Reading PE format using data marshaling in .NET

I recently picked up a book on IL by Serge Lidin titled Expert .NET 2.0 IL Assembler. It is by far the most interesting book that I’ve read on .NET internals, which is actually fairly easy to follow thanks to the friendly nature of the managed environment and the awesomeness of the author.

If you want to satisfy your curiosity about disassembling and generating IL code, this is the best book on the market. Anyway, the first couple of chapters in the book go over the Portable Executable (PE) format which is really vital in understanding how your compiler pieces together assemblies and how the loader is able to resolve dependencies and get everything into memory to get things executing.

While going through the explanation of the PE format in the book is enough to understand the bare minimum, i decided to go hands-on and write a little PE parser.

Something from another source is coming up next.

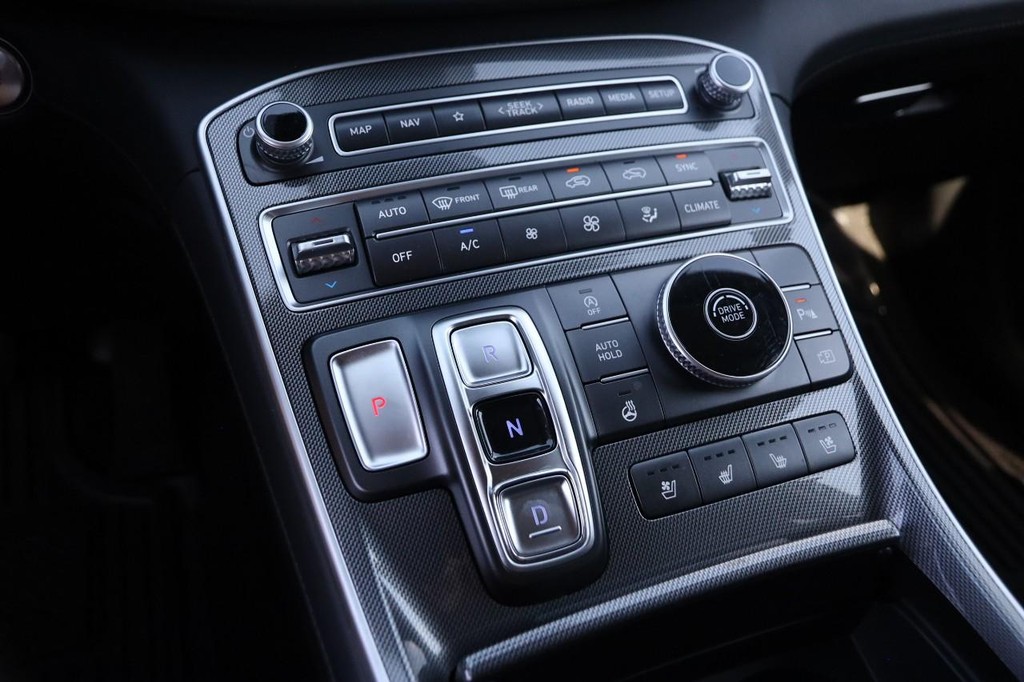 Hyundai Santa Fe Vehicle Full-screen Gallery Image 19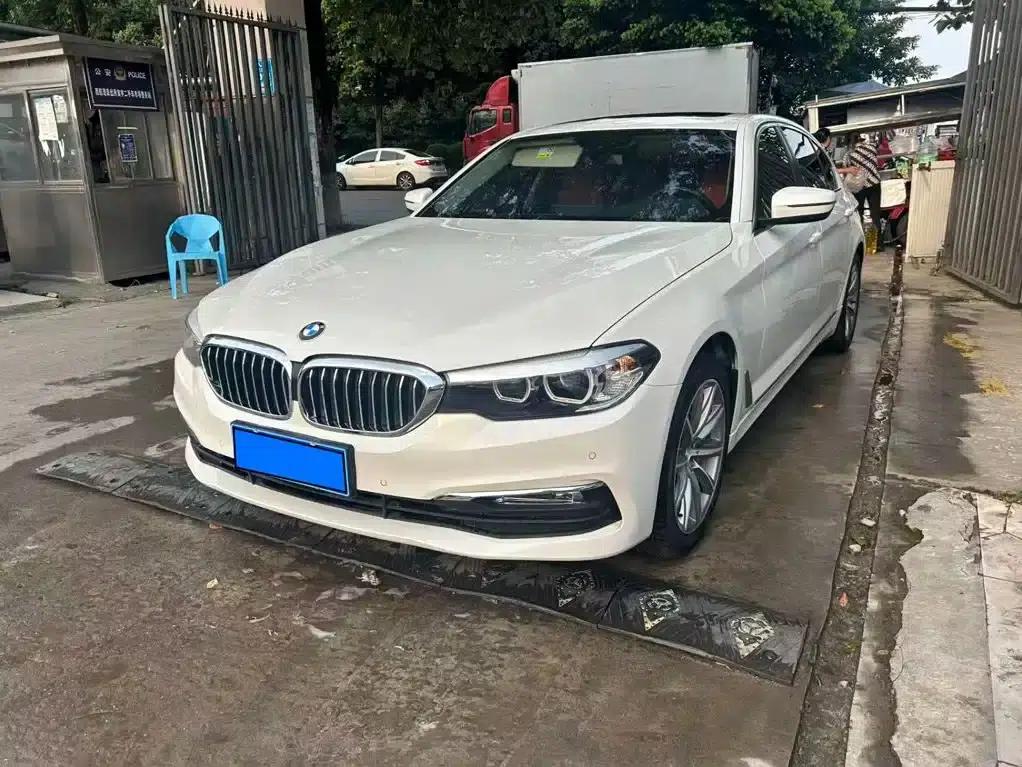 BMW 5 Series 2018 528Li Launch Special Edition — миниатюра 1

Before i throw down some code, I’d like to reference a few resources which will help in understanding the PE format better.

PE File Structure by Matt Pietrek. Possibly the best resource on PE file format. I would recommend going over this reference before reading the rest of this article or at least have it open side-by-side for quick reference.

PInvoke.Net provides a ton of unmanaged types and structures ported to managed code.

So, where do we begin? First of all, it is necessary to understand that the PE format consists of a multitude of unmanaged data structures (C structs). Generally, the best way to read unmanaged structure in .NET is to use marshaling. Let’s take a look at the code to see how this is accomplished.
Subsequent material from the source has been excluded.